ODE$_t$(ODE$_l$): Shortcutting the Time and the Length in Diffusion and Flow Models for Faster Sampling
Denis Gudovskiy, Wenzhao Zheng, Tomoyuki Okuno, Yohei Nakata, Kurt Keutzer
TL;DR
The paper tackles the high sampling cost of continuous normalizing flows and diffusion models by introducing ODE_t(ODE_l), which treats the inner network as a discretized ODE over depth (length $l$) while keeping the outer time ODE solver-agnostic. A length-consistency training objective, together with architectural rewiring (residuals and length-embedded blocks), enables dynamic depth during sampling without substantial overhead. Empirical results on CelebA-HQ-256 and ImageNet-256 show up to a $2\times$ reduction in latency and up to $2.8$ FID point improvements in high-quality regimes, with adaptive-step solvers further boosting performance. The approach is complementary to existing NFE minimization methods and is openly released at $github.com/gudovskiy/odelt$ to encourage broad adoption and further development.
Abstract
Continuous normalizing flows (CNFs) and diffusion models (DMs) generate high-quality data from a noise distribution. However, their sampling process demands multiple iterations to solve an ordinary differential equation (ODE) with high computational complexity. State-of-the-art methods focus on reducing the number of discrete time steps during sampling to improve efficiency. In this work, we explore a complementary direction in which the quality-complexity tradeoff can also be controlled in terms of the neural network length. We achieve this by rewiring the blocks in the transformer-based architecture to solve an inner discretized ODE w.r.t. its depth. Then, we apply a length consistency term during flow matching training, and as a result, the sampling can be performed with an arbitrary number of time steps and transformer blocks.
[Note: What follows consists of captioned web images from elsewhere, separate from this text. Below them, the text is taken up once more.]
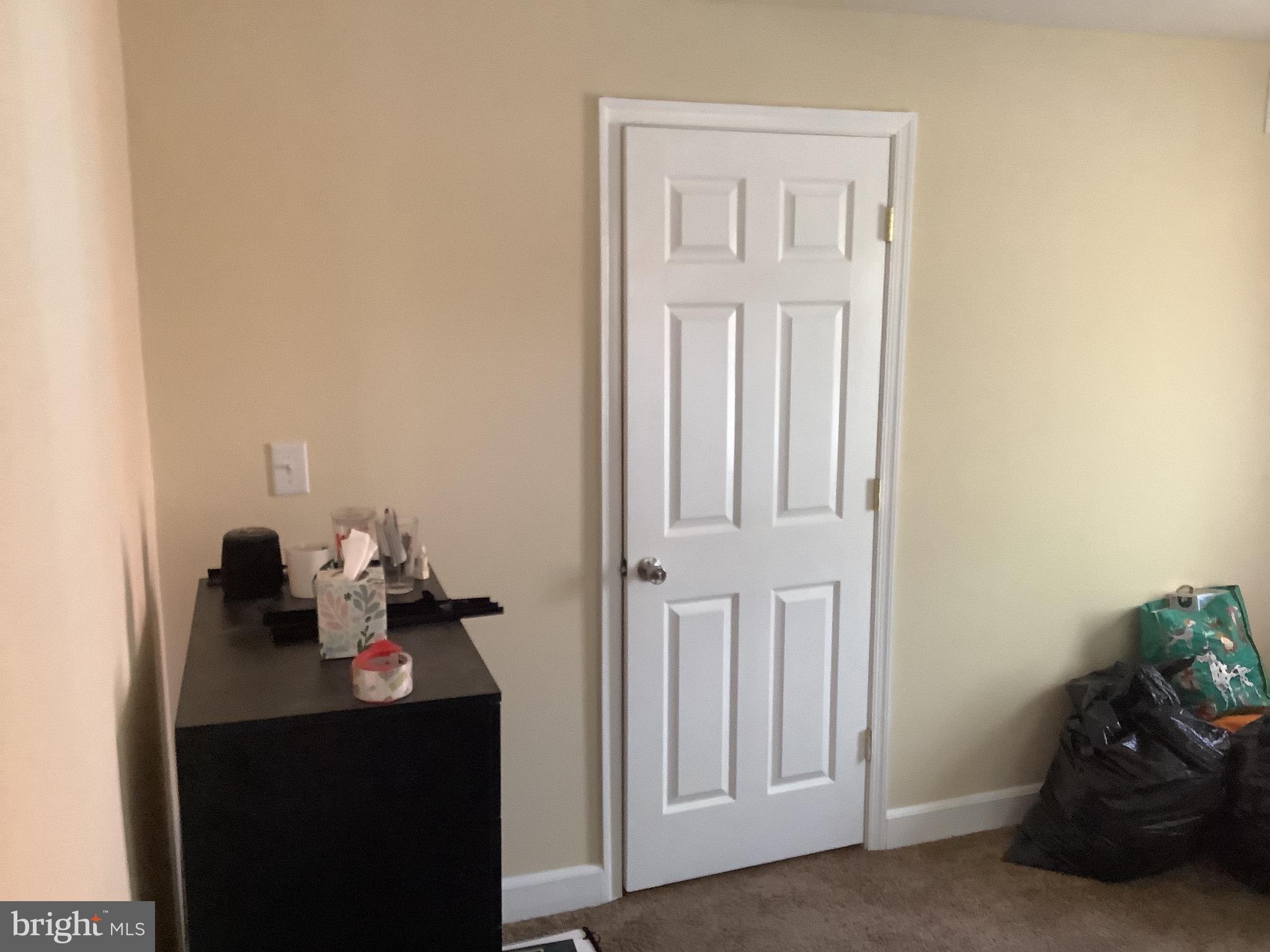 METROPOLITAN HOMES - Residential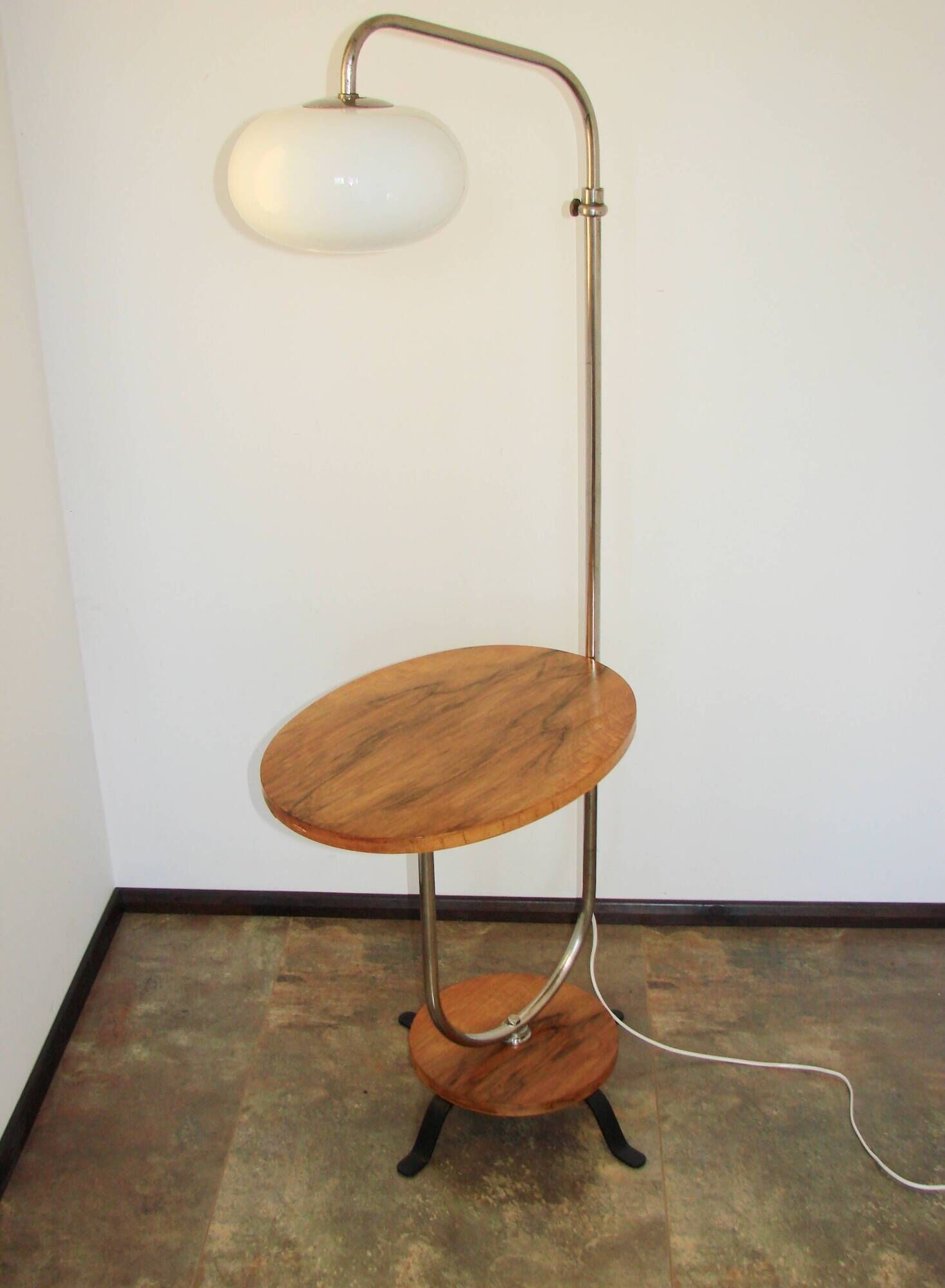 Une lampe sur pied avec une table d'appoint, années 1940.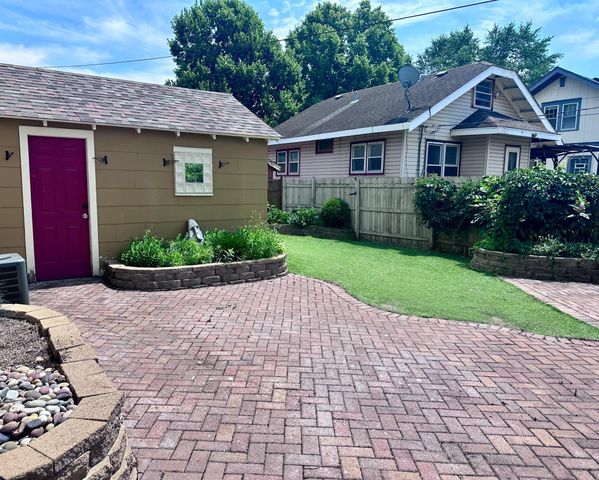 2419 E 38th Street, Minneapolis, MN 55406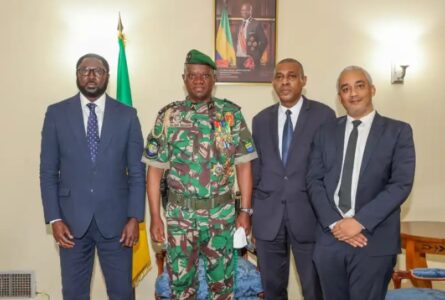 Le président gabonais et les membres de la délégation de l'Union africaine conduite par e représentant spécial du président de la Commission, le 30 août 2026, à Makokou. © Communication présidentielle
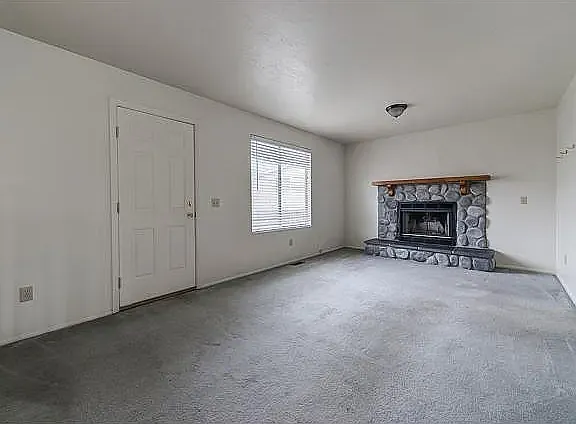 2930 S Dunsmoore Way — Photo 6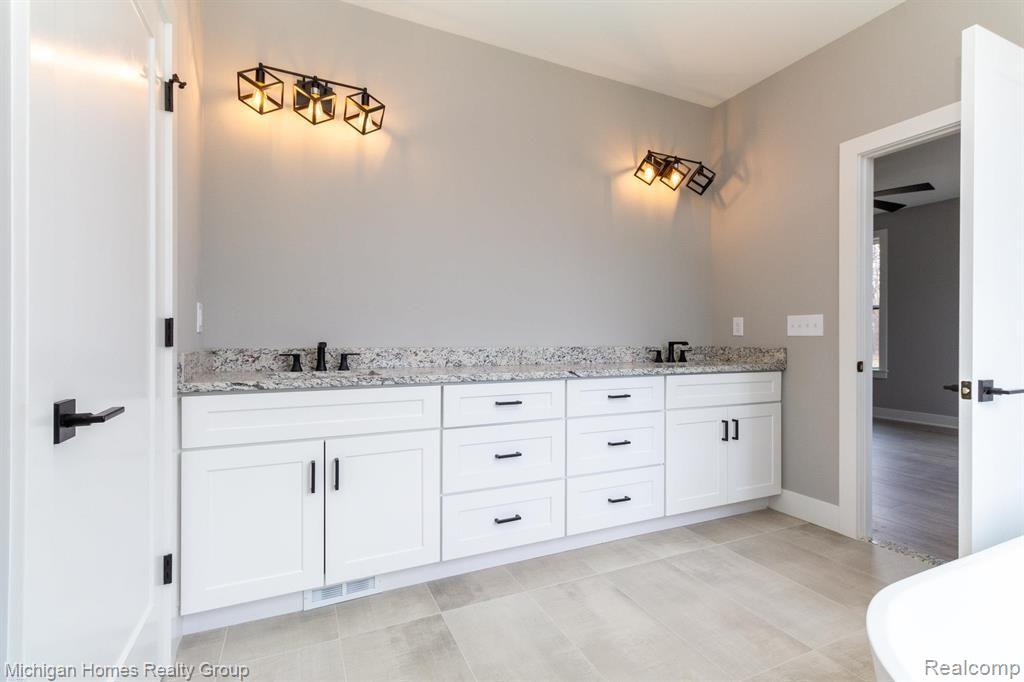2910 LOON Drive, Wixom, MI 48393 — Photo 47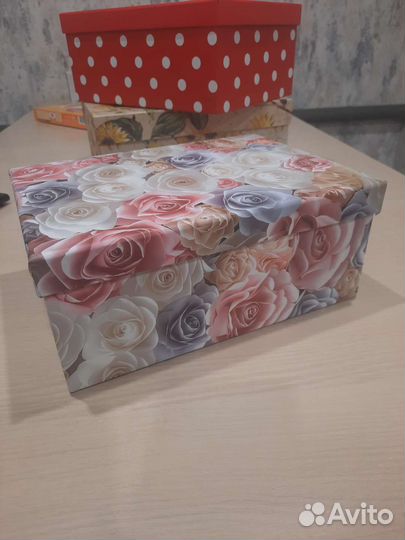 Коробка подарочная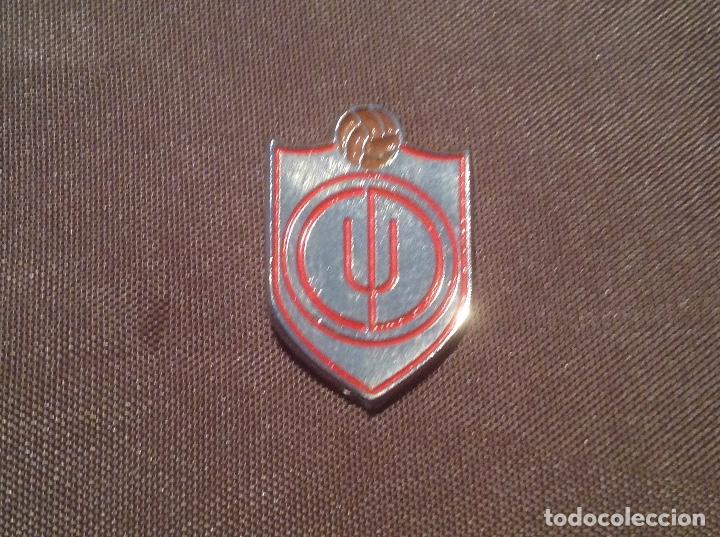 Collectionnisme sportif: Pin Sin Aguja U C D O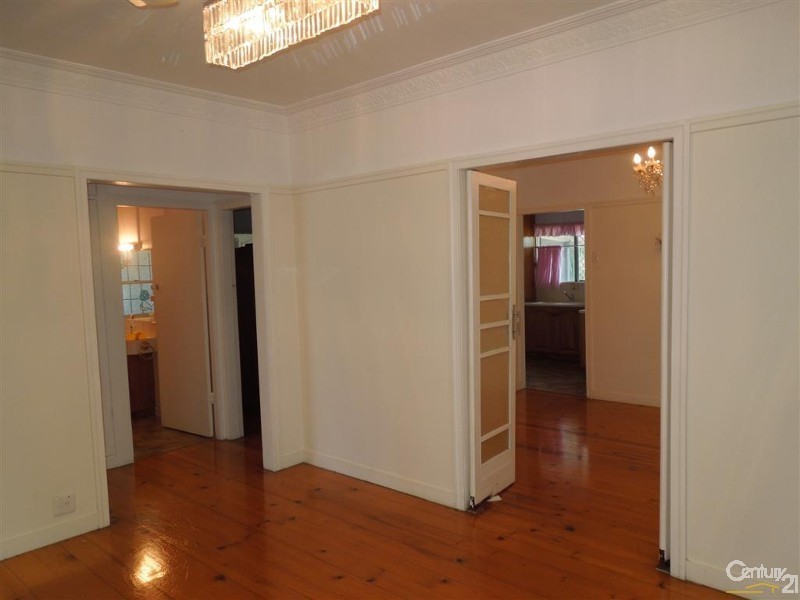 15 Svensson Street, Svensson Heights QLD 4670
Unlike others, our ODE$_t$(ODE$_l$) approach is solver-agnostic in time dimension and reduces both latency and, importantly, memory usage. CelebA-HQ and ImageNet generation experiments show a latency reduction of up to $2\times$ in the most efficient sampling mode, and FID improvement of up to $2.8$ points for high-quality sampling when applied to prior methods. We open-source our code and checkpoints at github.com/gudovskiy/odelt.